Par la fenêtre de mon bureau, je vois un arbre. Un arbre sur une pelouse verte. Un arbre dont le feuillage chatoie dans la douce lumière de l’automne.
Ce matin, un méchant coup de vent, une bourrasque cruelle, a dégarni l’arbre de son habit de lumière. Il a maigri tout d’un coup et ressemble maintenant à un balai de sorcière.
Triste avatar…
Les feuilles en collège tumultueux se sont dispersées dans l’espace puis sont retombées doucement sur l’herbe verte, et la pelouse n’est plus verte ; ainsi des premiers cristaux annonciateurs des tourmentes hivernales, sur l’alpage abandonné.
« Nul n’a surpris, nul n’a connu, au plus haut front de pierre, le premier affleurement de cette heure soyeuse, le premier attouchement de cette chose fragile et très futile, comme un frôlement de cil. »
Et ma pensée agile errant au gré de mon cerveau fragile rêvait… tombent les feuilles, tombe la neige…
Mon imagination vagabonde se prend soudain les pieds dans les lacs d’une réalité inévitable : la gravitation universelle… Newton (sir Isaac, né en 1642 à Woolsthorpe ; à ne pas confondre avec Newton, sir Charles Thomas, né à Bredwardine en 1816, archéologue).
Newton ! la pomme !
La pomme de Newton !
Bon sang !..
Des images défilent dans ma tête… sir Isaac (il n’était pas sir à l’époque, il est devenu sir après la pomme. A ce sujet, on ne manquera pas de remarquer l’importance de la pomme dans l’imaginaire judéo-chrétien) sir Isaac assis sous le pommier, un livre à la main, le dos bien calé contre le tronc, sir Isaac, les yeux dans le vague, pensant qu’il serait urgent de faire réparer la serrure de la porte d’entrée, qui grince (« oh ! it’s very unpleasant ! ») et tout à coup …
Une pomme qui tombe !
Sir Isaac en est tout éberlué… (on se demande bien pourquoi… il ne s’attendait tout de même pas à voir tomber une courge.)

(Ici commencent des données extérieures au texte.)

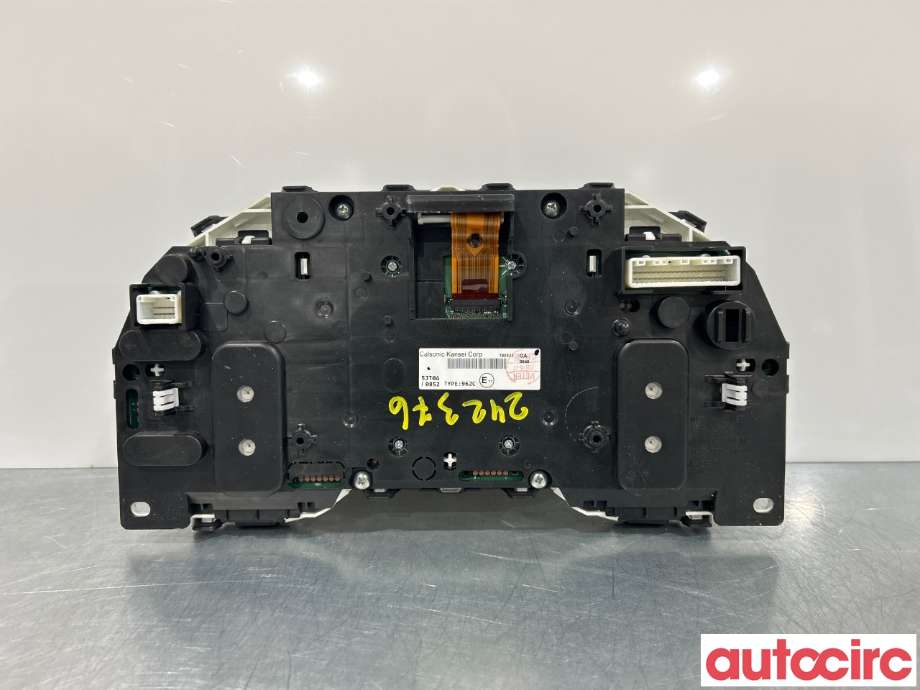 Instrumentpanel til Nissan Navara 2016-->> (D23) (D23) (NISSAN|248105JT0A|)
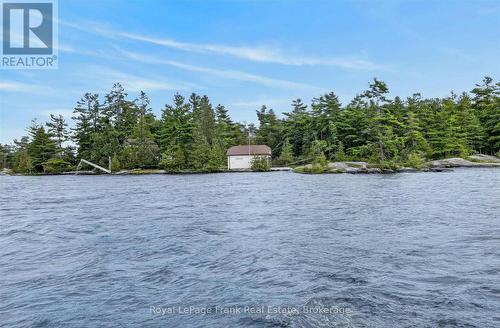 1550 Island 85 Stoney Lake, Douro-Dummer, ON - Outdoor With Body Of Water With View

A cet instant précis, cet instant où sir Isaac voit tomber cette pomme et en est tout éberlué, cet instant où cette pomme acquiert le statut historique de « pomme de Newton », à cet instant précis, donc, une hypothèse me traverse l’esprit :
- Et si, me dis-je, Isaac eut été assis sous un cocotier (au lieu d’un pommier) ? la face du monde en eût-elle été changée ?
Eût-on parlé de « noix de coco de Newton » ?
C’eût été insatisfaisant. Euphoniquement d’abord, et ensuite du point de vue de la représentation symbolique. Une noix de coco, je vous demande un peu ! Imagine-t-on ce brillant sujet de sa très gracieuse majesté britannique en pagne sous un cocotier ?
Shocking ! very shocking !
Je sais bien qu’à l’époque les anglais étaient à peu près partout chez eux, distribuant à pleine main les bienfaits de la civilisation occidentale aux peuplades primitives, mais enfin…
« La noix de coco de Newton »… non… vraiment, non… ça ne colle pas.
Quant à savoir ce qu’il se fût passé si Newton eût été assis sous un chêne…
Mais Newton lui-même, prévoyant déjà les ricanements grivois de l’Histoire et conscient du danger pour sa postérité, prit bien garde d’éviter les chênes.